Battements, barres, jetes and grandes might not come up in average everyday conversation, but they are well-known terms at Brooks Academy of Dance in Tillsonburg.
"Our ballet program has grown immensely here, we're really proud of it," said Brooks Academy of Dance co-director Brittany Brooks. "It took a lot of work - from Tracy (Konigshofer) and the kids. We now have kids doing exams in all grades, and we have enough that the examiner is actually coming to our studio to examine our kids. I think it's in April.
"We're really excited about the program now because Tracy is an official RAD (Royal Academy of Dance) certified teacher, which means she can enter kids in exams. It's very hard to find a teacher to be able to enter kids in the exams, so we're really proud of Tracy."
The first group of six senior dancers from BAD to take their ballet exams - Breanna Kyle, Rae Jones, Tia Antoine, Alana Luciani, Madelyn DeLaere, and Ella Cowan - were tested for Intermediate Foundations on Nov. 22, 2017 in Waterloo, and about two weeks later received their official certificates.
"We had been working on it for like two or three years probably," said 16-year-old Alana Luciani.
"I've been working on it maybe a year," said Ella Cowan, 12, the youngest of the six.
They are tested in all areas of ballet, including barre work, which Luciani said includes plies and tendus.
"It's kind of hard to explain," she laughed.
"They do exercises," noted BAD co-director Brittany Brooks.
"It's kind of like warmup for us to get ready for the centre," said Cowan.
"Yeah, it's like a warmup - it's just like small exercises," said Luciani, adding they are also tested for floor work and centre work.
"We have a lot," Cowan nodded, continuing the list with "pointe."
"I'd say centre is probably the main focus of it all," said Luciani, but noted the most challenging elements are different for everyone.
"For me, pointe," said Luciani.
"Probably freework," said Cowan.
"Oh yeah," Luciani agreed, laughing.
"The examiner will give you some choreography," Cowan explained. "And we have about three times to pick it up. Then we get to try it once with the music. And then we do it with the music full-out and she marks us."
"Based on the third try," Luciani nodded.
It takes about 60-75 minutes to complete the test, depending how many are tested at the same time (typically 2-4). Upon completion dancers get a 'thank you,' but no immediate feedback on their performance.
"It's a little bit unnerving," Brooks smiled.
It was challenging, said Luciani, but the BAD dancers all seemed confident they had passed.
"I think we all had the sense of 'pass'," said Luciani.
"Yeah, I think we all felt we like we did pretty good," said Cowan.
A week or two later they received results in the mail.
"That was fun - everybody passed," said Luciani. "We jumped up and down the room when we got the certificates. We heard we all passed."
"I heard a lot of screaming," Brooks laughed.

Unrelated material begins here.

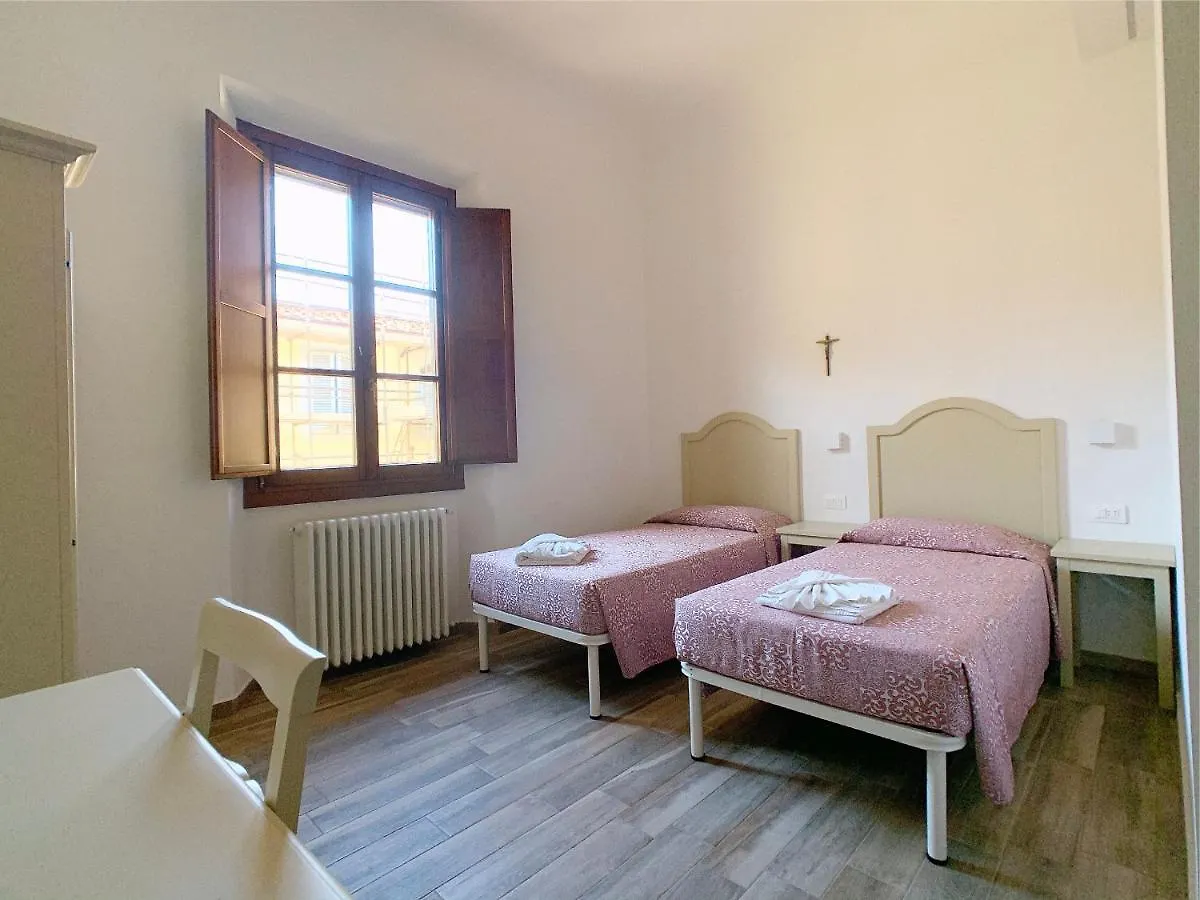 ベッド・アンド・ブレックファスト Casa Per Ferie Suore Oblate Dell'Assunzioneフィレンツェ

"And there was even some crying - tears of joy," Luciani smiled.
With their Intermediate Foundations, the BAD dancers are eligible to do their Intermediate level exam.
"We're aiming for November," said Luciani.

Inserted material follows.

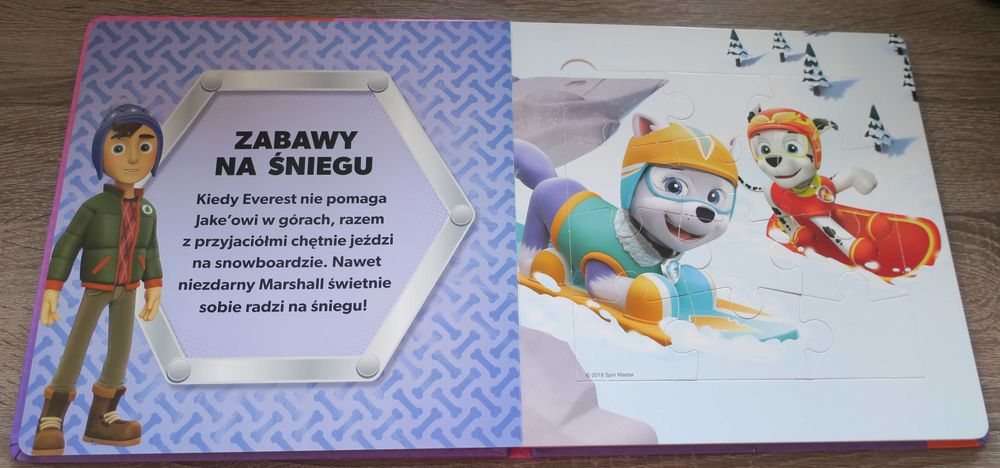 Książka z puzzlami. Psi Patrol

"What they can do is move up every year if they take their exams," said Brooks. "It ends essentially when you are able to take your teaching exam - you can be a registered ballet teacher. It also helps, obviously, if you're going into a dance program of any kind. They love to see that."

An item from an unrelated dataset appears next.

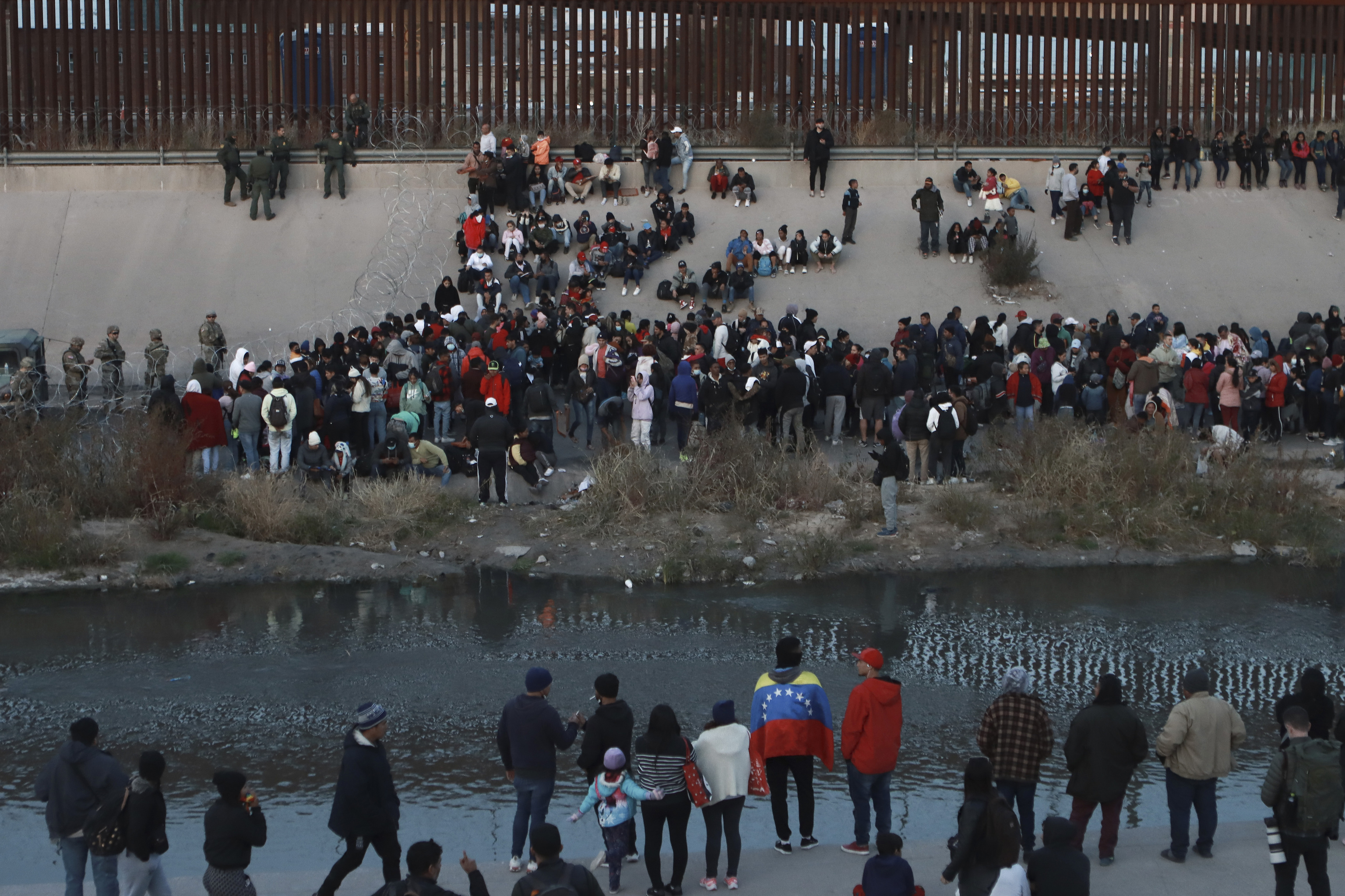 Migrantes se congregan en un cruce hacia El Paso, Texas, desde Ciudad Ju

Each grade changes, said Luciani.
"There's new stuff you have to learn. You have to get your mind off of the old grade and into the new grade."
"It gets harder," Cowan nodded, "and the exercises get longer..."
"And it's stressful," Luciani laughed.
"There's a few exercises for the barre, there's like 10-ish for the centre, or more," said Cowan. "Every year there's usually a few new steps."
The long term goal, said Cowan, is to eventually teach dance and ballet.
"I'd like to teach, just not in dance," said Luciani. "But I want to take the exams because if I were to teach dance at schools, I'd be qualified for that."
"When you get your certificates, it also helps on your resume," said Cowan.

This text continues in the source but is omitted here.